"Misinformation" is what the recent House of Lords report on the UK’s bungled EV strategy called some of the mainstream media reporting about electric cars.
“Several witnesses told us that media coverage of EVs was inaccurate and portrayed EVs in a disproportionately negative light - noting that even when corrected, fact checks often do not reach as wide an audience as the original article,” it read.
The report highlighted articles from the Daily Mail, the Daily Express and The Telegraph as examples of this and quoted Ford as saying a “vocal anti-EV campaign” had emerged in early 2023.
The boss of the UK’s biggest-selling car maker, the Volkswagen Group, isn't one for such statements.
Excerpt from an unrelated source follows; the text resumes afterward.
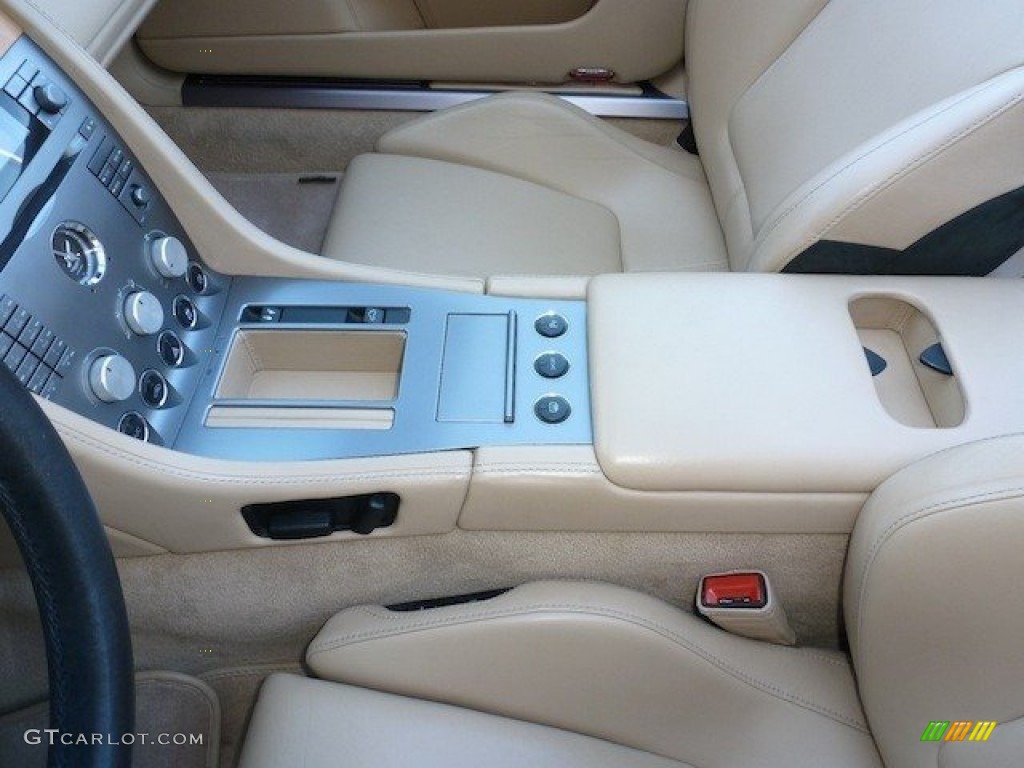 2006 Aston Martin DB9 Volante Controls Photo #62184163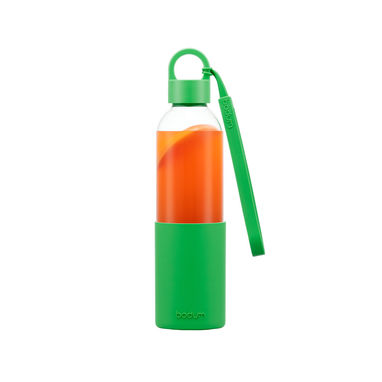 MELIOR. Тританова пляшка, колір зелений - 34842-109- Фото №2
Alex Smith has instead said that such reporting simply makes him more determined to counter such reporting with facts.
“If I read something which is obviously misleading, then it just makes me and the team here even more determined to ensure that we provide great information and products to consumers,” he told me in the VW Group’s UK boardroom on the day the Lords’ report was published.
Smith is feeling buoyed by the VW Group’s progress in selling EVs – something that it, like all car makers, has to do in increasing numbers in 2024 after the introduction of the ZEV mandate, which dictates that 22% of any car maker’s UK sales must be electric.
While EV sales grew 18% across the total market in 2023, at VW Group, the growth was closer to 50%.
“There has been massive media coverage on electric vehicles from many different angles, but it all comes back to compelling products,” Smith said. “If you have them and have compelling and constant new products, then there is the consumer interest.”
Still, Smith believes that incentives are needed to further stimulate demand and also called for binding targets for the infrastructure rollout to be set in the same way that car makers have been in the government dictating the amount of EVs car makers must grow each year.
Intriguingly, Smith said the ZEV mandate itself would be reviewed in a couple of years, leaving the door open to a softening of the sliding scale of EV sales. At present, firms must get to 80% by 2030 and 100% by 2035.
“We know that there is provision for review of the zero emission [vehicle] mandate in a couple of years' time," he said. "This will allow everybody to take stock and then figure out exactly what might be necessary in order to continue to drive the transition in the second half of the decade.”